SORGU

147 13 1
                                    

Sarp'

Doktor başka bir şey demeden giderken Elzem tekrar gözyaşlarını akıtmaya başladı. Ellerini yüzüne kapatıp yere çökerken içimin parçalandığını hissettim.

Hıçkırıkları koridorda yankılanıyordu. Efe yanına çöktüğünde Batu dudaklarını birbirine bastırdı. Elzem hıçkıra hıçkıra ağlarken Batu daha fazla dayanamamış olacak ki dışarı çıktı.

"Elzem, yapma böyle."

Bende yanına çöktüm ve omuzlarından tuttum. "Salma kendini.Daha hiçbir şey belli değil, yapma böyle."

Başını omzuma koyduğunda sertçe yutkundum. "Sarp, ona bir şey olmasın lütfen." Çaresiz, kısık, yalvaran ses tonuyla gözlerimi sımsıkı kapattım. "Sarp," dedi bir kez daha. "Lütfen ölmesin Sarp. Bir kere daha kimsesiz bırakmasın beni. Yalvarırım ölmesin."

Kaç kez hıçkırdı, buna benzer kaç cümle kurdu ya da kaç gözyaşı döktü bilmiyorum. Ama onu bu şekilde ağlatan kişi, buna sebep olan kişi kardeşim olmasa onu kendi ellerimle gebertirim bunu biliyorum.

"Senin ne işin var burada Alp?"

Efe'nin sesiyle beraber başını omzumdan kaldırdı. Alp pişman gözlerle bize bakarken Elzem hiddetle ayağa kalktı.

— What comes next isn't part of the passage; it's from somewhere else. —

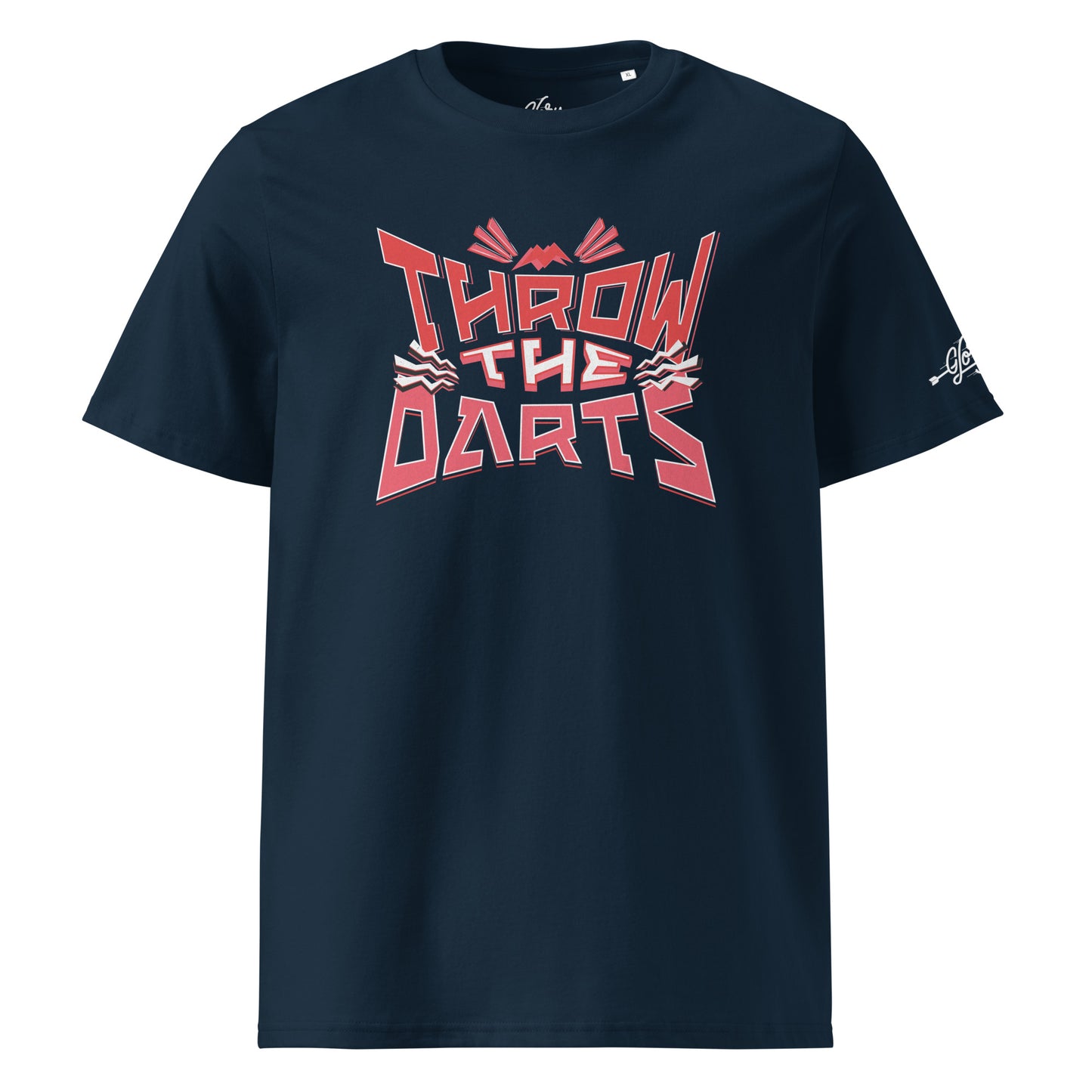 Glory Darts - Throw The Darts Shirt Red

"Seni geberteceğim!" Yanına gidip sert bir tokat attığında başı yana düştü. "Allah'ın belası şerefsiz! Ne yüzle geliyorsun buraya!?"

"Özür dilerim."

"Abim ölüyor! Benim abim ölüyor ne özürü!?" Elzem'in belinden tutup geri çekmeye çalışsamda beni itti. "Bırak Sarp! Ya ben sana yalvardım, yalvardım. Yapma dedim, yaralı dedim, canı yanıyor dedim! Neden ya neden?"

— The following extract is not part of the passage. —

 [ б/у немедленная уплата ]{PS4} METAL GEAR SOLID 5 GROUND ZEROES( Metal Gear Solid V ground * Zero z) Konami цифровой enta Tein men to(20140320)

Hiçbir şey demeden başını öne eğdi. "Kaldırsana başını!"

Efe, Alp'in kolundan çekip çıkartırken Elzem tekrar ağlamaya başladı. Tanıştığımız günden beri ilk kez bugün görmüştüm ağladığını.

Ama o şuan ağlamıyordu, o resmen parçalanıyordu ve ben sadece izliyordum.

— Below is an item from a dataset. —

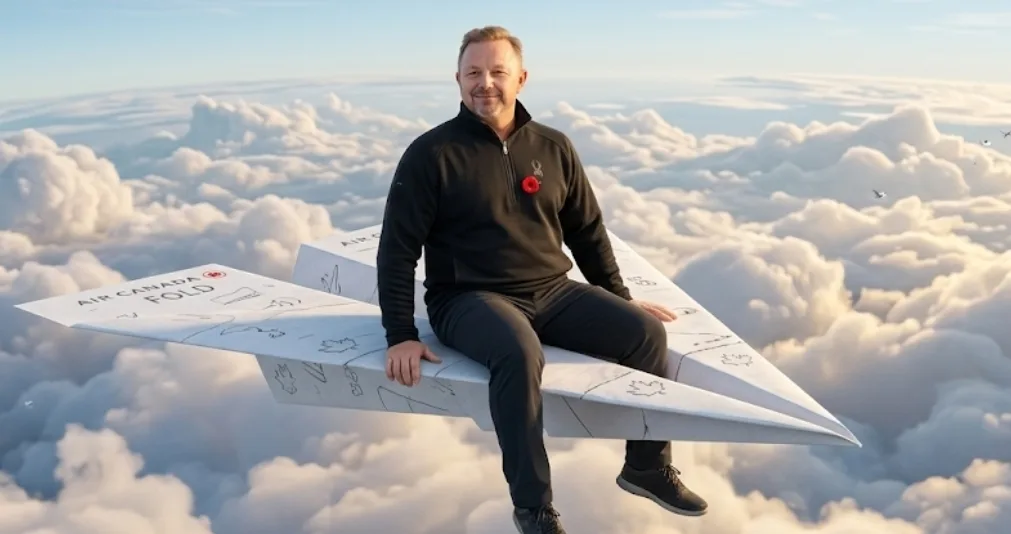 Former Air Canada Pilot Charged for Flying 900 Flights with Forged License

Ellerini saçlarına koyup oturdu. Hıçkıra hıçkıra içi çıkarcasına ağlıyordu. Saçındaki ellerinden birini çekip boynuna götürdü ve tırnağını batırdı. Nefesleri ağladığı için kesik kesik olsada şuan çok daha kesikti.

"Elzem elini çek." Duyduğunu bile sanmıyordum.

Efe "Ne oluyor?" diye sordu yanımıza gelip

"Panik atağı var diye hatırlıyorum."

Ellerini zorla boynundan çektiğimde boynunun yine çizilmiş olduğunu gördüm. Kucağıma alıp camın önüne götürdüm. Efe hızlıca camı açtı. "Nefes al Elzem bir şey yok hadi nefes al."

Birkaç kere arka arkaya öksürüp derin bir nefes aldı. Kıpkırmızı kesilmişti.

İki kişi yanımıza gelip Elzem'in koluna bir şey enjekte etti. Birisi hemşire birisi de Elzem'in yanında çalışan Sena'ydı "Ne o?" diye sordum.

Sena "Sakinleştirici Sarp Bey," diye cevapladı beni. "Tekerlekli sandalyeye oturtun lütfen. Odaya götüreceğim."

"Ben götürürüm. Bu katta boş oda varsa buraya alabilir misiniz lütfen? Arkadaşımız da burada malum, iki kişide de aklımız kalmasın."

"İki katlı bir hastane biliyorsunuz ve normalde bu katta ameliyatlı hastalar, alt katta diğer hastalarımız olur. Aslında Elzem Hocayı yandaki ek binaya -acile- almamız gerek ama bu defa onun için bir istisna tanıyabilirim."